Business

Stock exchanges eye aging tech after outages

Regulators and exchange operators will focus on the nation’s aging stock quote system when they meet on Thursday to address system outages that have shaken confidence in the markets.

Nasdaq OMX, NYSE Euronext and other exchange operators are set to meet with Securities and Exchange chief Mary Jo White at 9 a.m. to hash out a plan for dealing with a string of glitches and trading meltdowns.

The meeting was sparked by Nasdaq’s epic three-hour outage on Aug. 22, when the system that consolidates the pricing data of publicly traded companies at other exchanges experienced a major glitch.

Backing up and upgrading the system, known as the securities information processor, or SIP, will be a main topic of discussion, sources said. The SIP system was engineered a decade ago and exchange bosses likely will float upgrading it, among other ideas.

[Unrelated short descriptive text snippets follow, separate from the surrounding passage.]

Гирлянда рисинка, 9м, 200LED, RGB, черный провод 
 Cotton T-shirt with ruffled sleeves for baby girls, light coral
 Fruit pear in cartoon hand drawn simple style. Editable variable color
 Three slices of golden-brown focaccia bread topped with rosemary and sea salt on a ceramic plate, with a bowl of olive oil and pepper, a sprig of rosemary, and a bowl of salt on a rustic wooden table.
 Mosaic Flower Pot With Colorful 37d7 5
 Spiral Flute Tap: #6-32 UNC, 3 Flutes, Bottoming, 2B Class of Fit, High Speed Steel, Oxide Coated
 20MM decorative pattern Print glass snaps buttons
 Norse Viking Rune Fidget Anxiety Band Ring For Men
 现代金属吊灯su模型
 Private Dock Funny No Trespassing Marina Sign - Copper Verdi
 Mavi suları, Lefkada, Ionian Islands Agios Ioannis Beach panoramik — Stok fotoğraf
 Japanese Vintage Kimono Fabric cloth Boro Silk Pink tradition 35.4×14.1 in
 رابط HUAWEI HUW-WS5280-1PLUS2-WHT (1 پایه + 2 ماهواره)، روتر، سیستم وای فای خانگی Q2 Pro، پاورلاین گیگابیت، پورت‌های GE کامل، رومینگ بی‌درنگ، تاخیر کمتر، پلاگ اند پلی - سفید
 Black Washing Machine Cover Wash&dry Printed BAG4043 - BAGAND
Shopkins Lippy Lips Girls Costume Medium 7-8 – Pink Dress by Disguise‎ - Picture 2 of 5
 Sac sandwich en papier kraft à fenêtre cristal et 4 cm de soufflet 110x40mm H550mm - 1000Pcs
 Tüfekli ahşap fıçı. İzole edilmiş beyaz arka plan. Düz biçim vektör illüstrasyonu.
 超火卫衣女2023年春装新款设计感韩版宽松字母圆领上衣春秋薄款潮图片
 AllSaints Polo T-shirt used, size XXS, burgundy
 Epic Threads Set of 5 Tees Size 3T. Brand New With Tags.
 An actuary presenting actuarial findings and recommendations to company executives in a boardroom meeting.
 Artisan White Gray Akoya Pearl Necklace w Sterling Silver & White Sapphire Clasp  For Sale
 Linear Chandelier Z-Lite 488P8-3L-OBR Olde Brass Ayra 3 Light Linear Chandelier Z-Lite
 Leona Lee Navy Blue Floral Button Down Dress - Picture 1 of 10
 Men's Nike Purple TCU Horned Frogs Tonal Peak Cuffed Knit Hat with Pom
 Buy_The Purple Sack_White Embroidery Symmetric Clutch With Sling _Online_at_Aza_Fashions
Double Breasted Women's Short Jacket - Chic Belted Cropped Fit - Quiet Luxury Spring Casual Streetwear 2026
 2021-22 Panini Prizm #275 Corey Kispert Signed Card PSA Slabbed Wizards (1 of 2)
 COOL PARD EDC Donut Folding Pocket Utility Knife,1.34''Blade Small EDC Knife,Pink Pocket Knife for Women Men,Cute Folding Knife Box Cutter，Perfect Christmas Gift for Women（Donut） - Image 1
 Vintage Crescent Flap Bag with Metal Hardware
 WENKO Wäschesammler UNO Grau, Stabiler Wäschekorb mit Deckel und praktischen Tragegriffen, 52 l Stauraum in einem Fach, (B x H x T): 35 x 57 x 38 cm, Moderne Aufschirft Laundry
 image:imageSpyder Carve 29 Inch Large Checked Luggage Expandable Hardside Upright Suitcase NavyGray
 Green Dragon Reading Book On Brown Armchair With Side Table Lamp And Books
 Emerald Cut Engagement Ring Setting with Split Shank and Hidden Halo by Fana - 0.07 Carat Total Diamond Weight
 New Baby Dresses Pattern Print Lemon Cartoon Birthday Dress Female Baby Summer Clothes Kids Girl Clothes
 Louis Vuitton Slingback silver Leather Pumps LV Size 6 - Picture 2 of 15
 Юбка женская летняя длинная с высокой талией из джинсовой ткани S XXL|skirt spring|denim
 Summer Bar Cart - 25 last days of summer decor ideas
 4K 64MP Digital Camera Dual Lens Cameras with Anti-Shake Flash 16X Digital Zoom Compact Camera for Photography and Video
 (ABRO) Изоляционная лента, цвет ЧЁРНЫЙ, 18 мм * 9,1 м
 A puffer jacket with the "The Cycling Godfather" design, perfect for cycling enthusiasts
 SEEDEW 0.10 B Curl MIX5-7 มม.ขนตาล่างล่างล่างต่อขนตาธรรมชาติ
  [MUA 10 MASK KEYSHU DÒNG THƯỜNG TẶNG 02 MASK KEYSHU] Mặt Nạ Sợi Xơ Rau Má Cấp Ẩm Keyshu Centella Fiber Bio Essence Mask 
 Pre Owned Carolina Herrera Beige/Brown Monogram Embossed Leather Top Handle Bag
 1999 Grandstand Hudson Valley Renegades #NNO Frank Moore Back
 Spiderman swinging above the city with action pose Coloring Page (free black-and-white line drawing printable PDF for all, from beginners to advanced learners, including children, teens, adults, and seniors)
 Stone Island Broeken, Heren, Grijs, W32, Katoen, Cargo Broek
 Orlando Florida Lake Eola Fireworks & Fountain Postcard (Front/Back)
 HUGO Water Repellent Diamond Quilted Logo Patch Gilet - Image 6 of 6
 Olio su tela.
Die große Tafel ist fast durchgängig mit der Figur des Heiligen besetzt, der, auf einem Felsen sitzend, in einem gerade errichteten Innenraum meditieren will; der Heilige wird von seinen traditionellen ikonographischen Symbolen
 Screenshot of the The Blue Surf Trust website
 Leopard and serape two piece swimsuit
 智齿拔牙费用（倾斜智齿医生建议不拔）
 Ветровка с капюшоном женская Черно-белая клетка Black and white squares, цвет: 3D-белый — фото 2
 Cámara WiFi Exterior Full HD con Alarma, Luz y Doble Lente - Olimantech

Sources said one way is to standardize the SIP systems across more than a dozen exchanges so that they share the same capacity limits — how much information per second they can process — and better communicate with each other.

Another idea is creating parallel SIP servers that would back up any one of the exchanges in case of a glitch at one or more.

Kill switches to eliminate erroneous trades before they taint other systems also will be a topic of discussion, sources said.

Many of the ideas have been floated before during the reign of White’s predecessor, Mary Shapiro. However, White is expected to push for implementation more aggressively.

Exchanges operators landed on regulators’ radar after the chilling May 6, 2010, “Flash Crash” that saw the markets plunge more than a 1,000 points in a matter of minutes only to recover just as quickly.